Every record below is to be copied exactly, with its images omitted.

Records provided Block Start

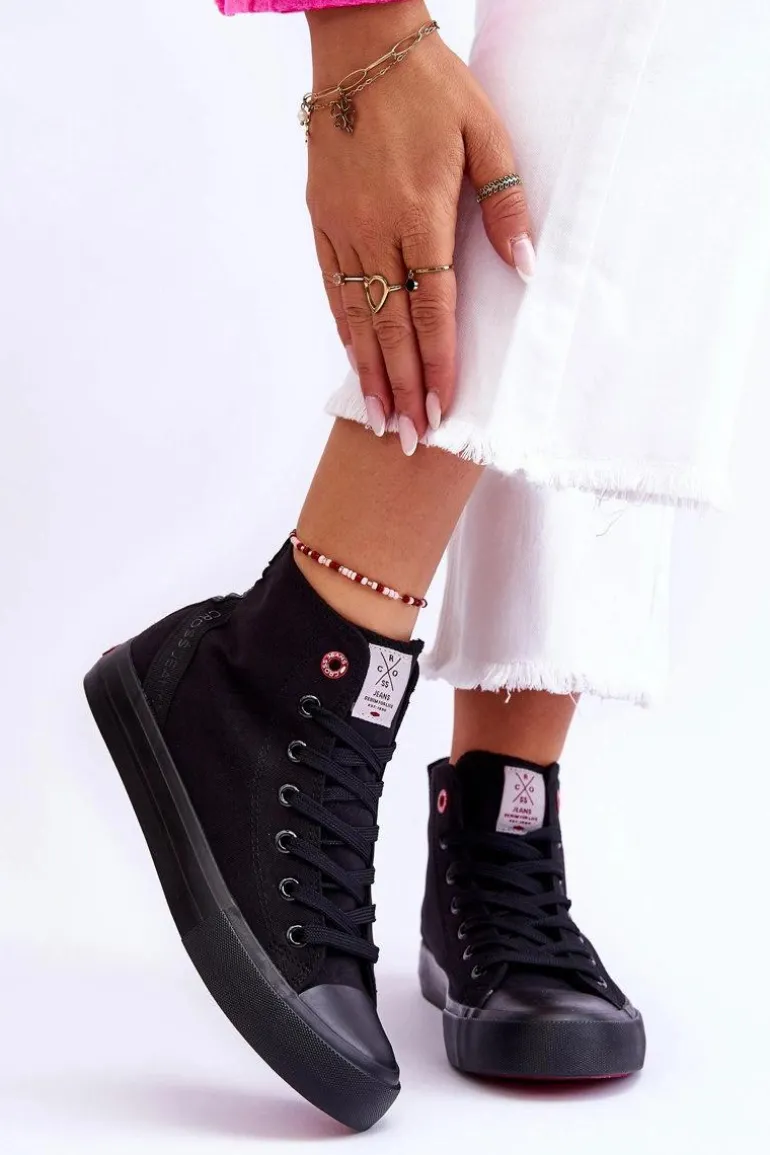 Damskie Klasyczne Wysokie Trampki Cross Jeans LL2R4088C Czarne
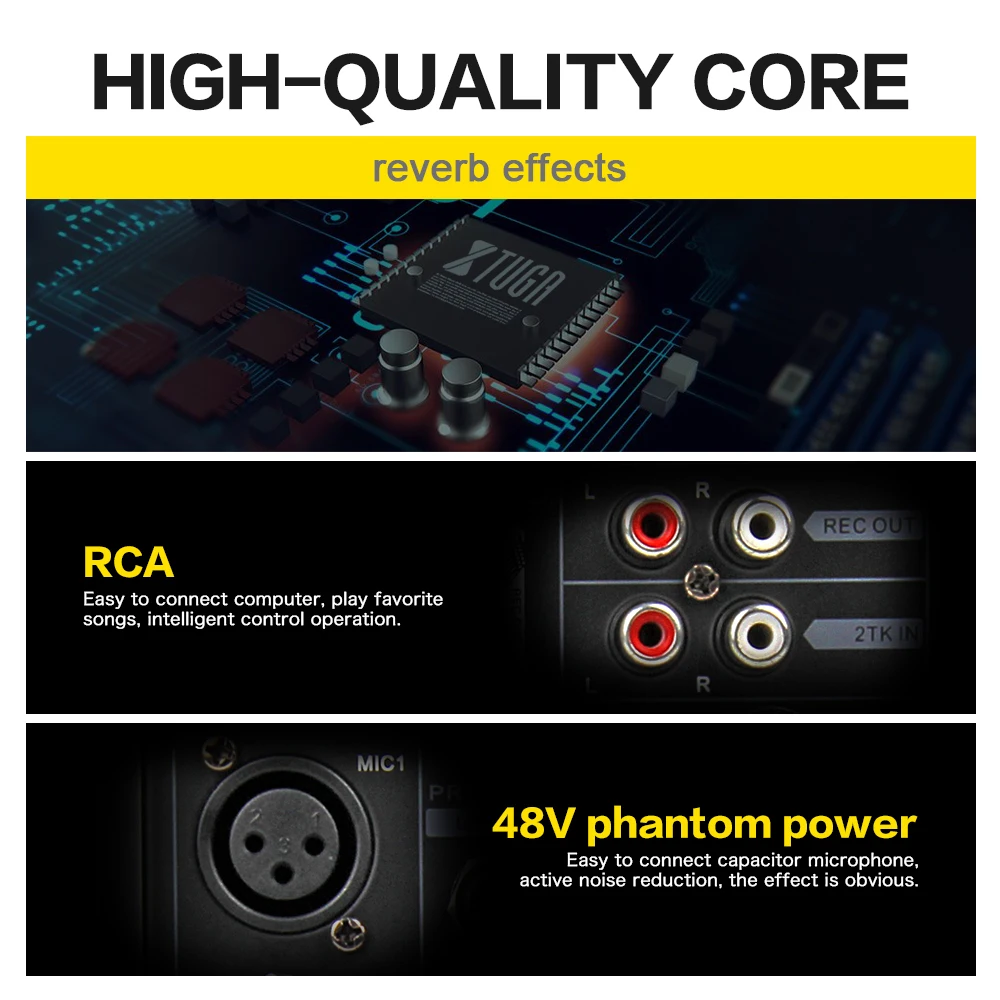 XTUGA MX5 5Channels 3-Band EQ Audio Music Mixer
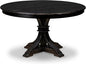 F57-11-TP - Modern Kitchen Table with Acacia Wood Round Tabletop, Sand Blasted Black Finish
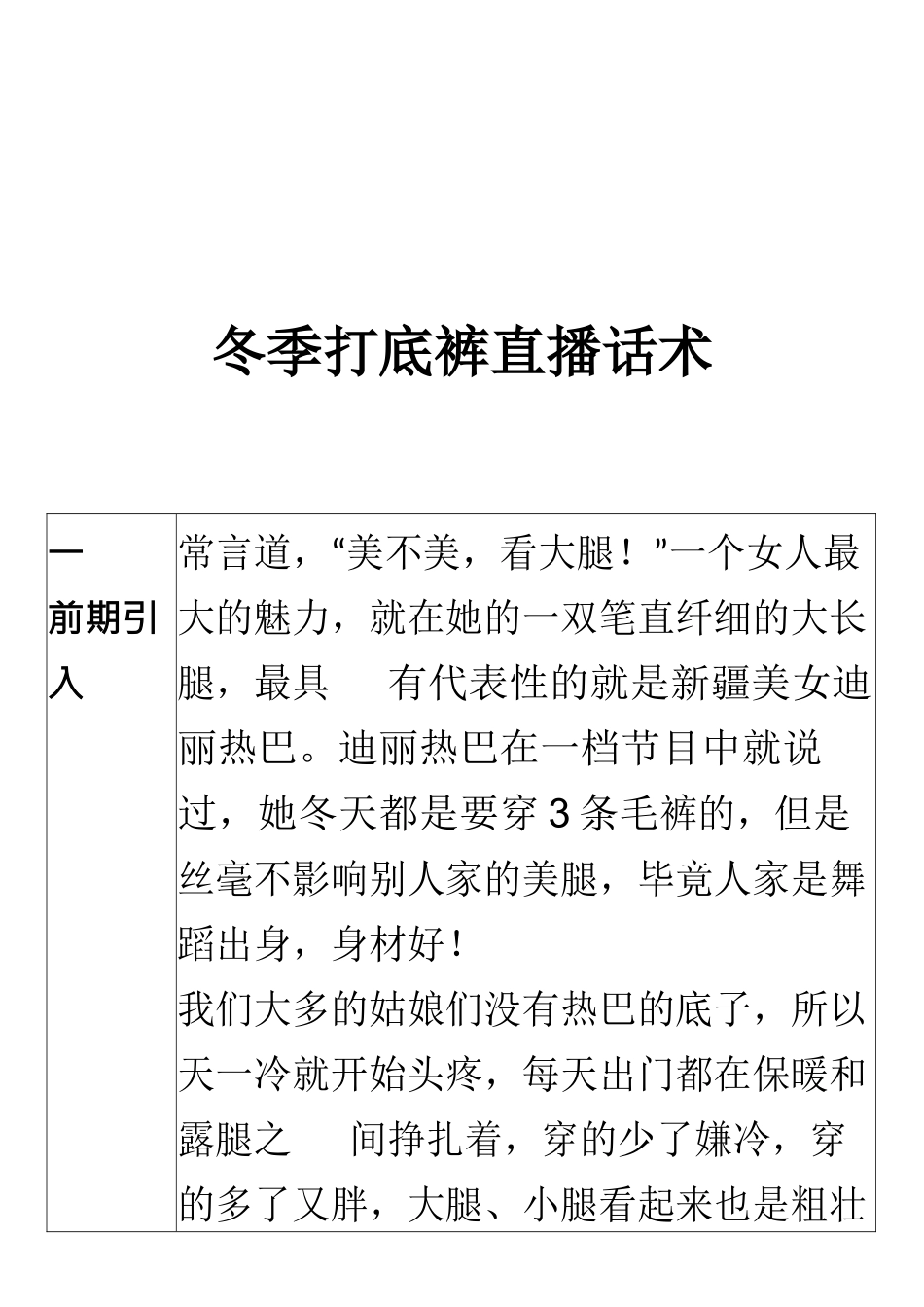 女装类-女士打底裤直播话术_第1页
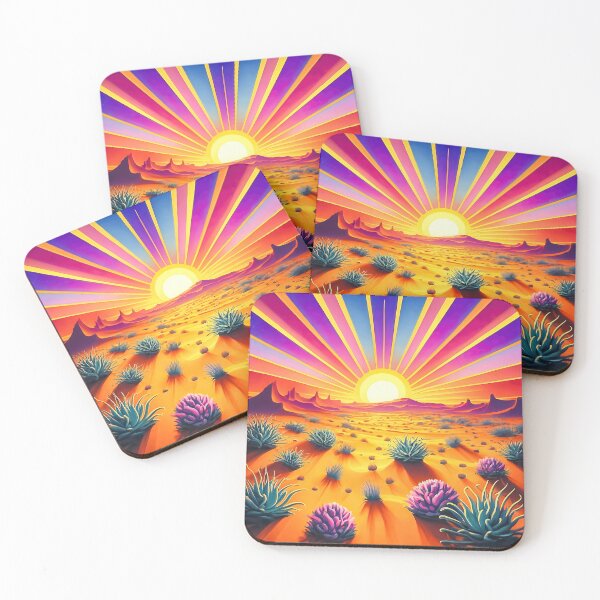 Item preview,  Desert Sunset Dreamscape - Cactus, Sun Beams, Desert Floor -Vibrant Abstract Art designed and sold by Loving Nature Gifts.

Records provided Block End

◆ Your solution
 Damskie Klasyczne Wysokie Trampki Cross Jeans LL2R4088C Czarne
 XTUGA MX5 5Channels 3-Band EQ Audio Music Mixer
 F57-11-TP - Modern Kitchen Table with Acacia Wood Round Tabletop, Sand Blasted Black Finish
 女装类-女士打底裤直播话术_第1页
 Item preview,  Desert Sunset Dreamscape - Cactus, Sun Beams, Desert Floor -Vibrant Abstract Art designed and sold by Loving Nature Gifts.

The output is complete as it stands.